Some people were recording events on their mobile phones. Gardaí, aware that images of the crash were being circulated online, appealed to people “not to share or circulate the images out of respect to the family of the deceased and those involved in the collision”.

“I couldn’t imagine what is going through their heads, probably no malice,” Mulroy says of people posting graphic footage. “It is probably just: ‘Oh look at me – stuck in traffic.’”

Just this week, he attended a scene where a group of motorists had forced a car containing children that was being driven erratically to pull in at the side of the road. The driver was later breathalysed.

“You do have good people,” says Mulroy of those who intervened.

Major incidents that cause sections of the M50 to close are usually fatal events, but not always. In 2021, Mulroy was called to the scene of an overturned lorry on a slip road between junction 11 at Tallaght and junction nine at the Red Cow. Builders rubble from the lorry had spilt across the M50 and closed the motorway, causing widespread traffic disruption across west Dublin.

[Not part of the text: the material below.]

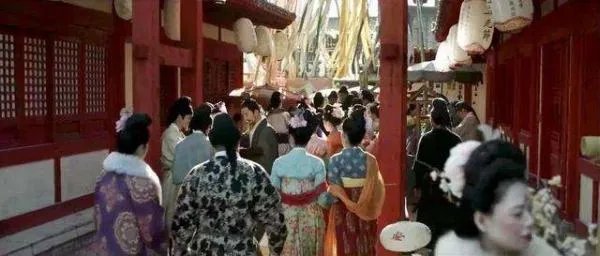 姚晨和雷佳音为什么能凭《都挺好》和《长安十二时辰》获奖？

Debris – usually the remains of blown-out tyres but sometimes as dangerous as a concrete block – is a regular menace. Workers going out on to the motorway to remove material or into the central reservation to cut grass or fix drains are protected by large incident protection vehicles. These are essentially mobile crash barriers protected by flashing lights and warning signs travelling hundreds of metres behind. Yet, in a recent incident, a van passed two sets of warning lights and smashed into the protection vehicle at a speed estimated to be 100km/h.

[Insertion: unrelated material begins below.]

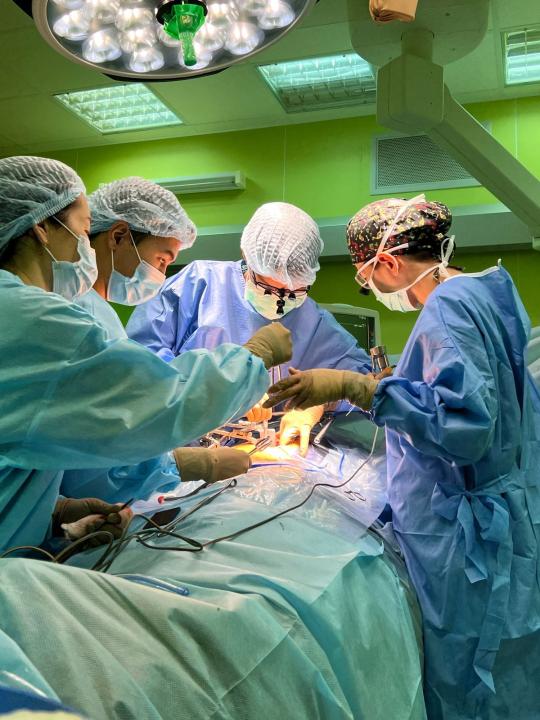Фотография для новости Три спасённых жизни. Пациентам пересадили почки и сердце от одного донора в РК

Debris taken from the M50. Photograph: Bryan Meade
Debris taken from the M50. Photograph: Bryan Meade

Given how busy the road is during the day, most road maintenance is carried out at night. For some daytime workers, such as incident responders and grass cutters, the M50 can be a dangerous place to work as thousands of lorries pass within feet of them at noise levels that can be deafening.

But some parts of the M50 are more problematic that others.

Andrew O’Sullivan, a TII engineer, says the reason last month’s motorcycle fatality had such an impact on the motorway was because there is no easily accessible alternative route between Blanchardstown and Liffey Valley. The section includes the West Link bridges, high above the surrounding countryside as the M50 crosses the Liffey. Traffic cannot divert and motorists from Meath and north and central Dublin, heading south of the Liffey, have few alternatives.

Kevin McGrath of Globalvia Jons ltd, Andrew O'Sullivan, senior operations manager for TII network projects, and Miguel Alfonso, M50 general manager. Photograph: Bryan Meade

Even though traffic on nearby motorways coming into Dublin would be advised of the road closure “as far as 100km out”, there were few options to cross the Liffey, congesting a wide area.

O’Sullivan points to another fatal crash involving a lorry and two motorbikes in June 2022. That incident, which happened between the Red Cow and Liffey Valley, did not cause such congestion because there were alternative routes around the crash site at that location.

When crashes happen, a hierarchy applies, O’Sullivan explains. The top tier comprises the “blue light” workers: gardaí, paramedics and the fire brigade. The M50 incident support units can only protect and advise. If gardaí decide a forensic collision examination is necessary, the road is closed at their instruction.

“That is when it is out of our control,” O’Sullivan says.

“What we try to do is inform people far enough out that they can change their journey,” he says of incidents involving the Blanchardstown to Liffey Valley stretch.

“Make an informed decision to either reroute or go home or whatever they choose to do. But we try to inform them far enough out to allow them to do it.”

For a road that recorded almost 185,000 vehicles one day last year on the busiest stretch between the Blanchardstown and Finglas junctions, this work is critical to keep the traffic flowing.